This Presidents’ Day, we take a moment to celebrate George Washington (1732-1799), the nation’s first President and one of the most (if not, the most) iconic figures in American history. Washington was something of a celebrity during his life time, but after his death he was widely mourned and his fame grew even greater. Many different types of Washington tributes celebrated the Commander-in-Chief, but one of the most famous was an engraving by Irish-born artist, John James Barralet, entitled, “The Apotheosis of George Washington.”
The original engraving, published in 1802 to coincide with Washington’s birthday on February 22, shows Washington being conducted heavenward by the allegorical figures of Father Time and Immortality while the figures of Liberty and a Native American mourn at his feet. These figures are also surrounded by various symbols of the American republic, including an eagle and rattlesnakes, while allegorical figures representing Faith, Hope, and Charity look on. Although perhaps a strange image to modern eyes, allegory and references to classical antiquity were common and would have been readily understood and appreciated by nineteenth-century audiences. Barralet’s engraving was so popular with the American public that it was republished and copied multiple times during the early nineteenth century.

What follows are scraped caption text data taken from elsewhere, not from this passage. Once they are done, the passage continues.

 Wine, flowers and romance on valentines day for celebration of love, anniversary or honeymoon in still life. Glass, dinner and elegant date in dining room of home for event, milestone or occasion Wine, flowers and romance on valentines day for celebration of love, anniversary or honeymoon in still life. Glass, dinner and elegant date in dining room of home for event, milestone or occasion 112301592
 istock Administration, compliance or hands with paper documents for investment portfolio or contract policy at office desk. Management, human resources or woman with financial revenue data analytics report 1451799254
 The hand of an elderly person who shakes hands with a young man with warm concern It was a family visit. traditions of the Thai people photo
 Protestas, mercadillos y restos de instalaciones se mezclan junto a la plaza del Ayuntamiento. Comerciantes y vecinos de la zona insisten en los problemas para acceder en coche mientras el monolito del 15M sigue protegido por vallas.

Versions of this engraving, such as the one on this creamware pitcher from our collection, even made it onto English ceramics produced especially for the American market. These wares were widely produced in factories in Liverpool (with the Herculaneum Pottery being the most famous) and Staffordshire between about 1800 & 1840. It seems that Washington was a popular subject, since the English potters produced a variety of different designs relating to his life, character, and death.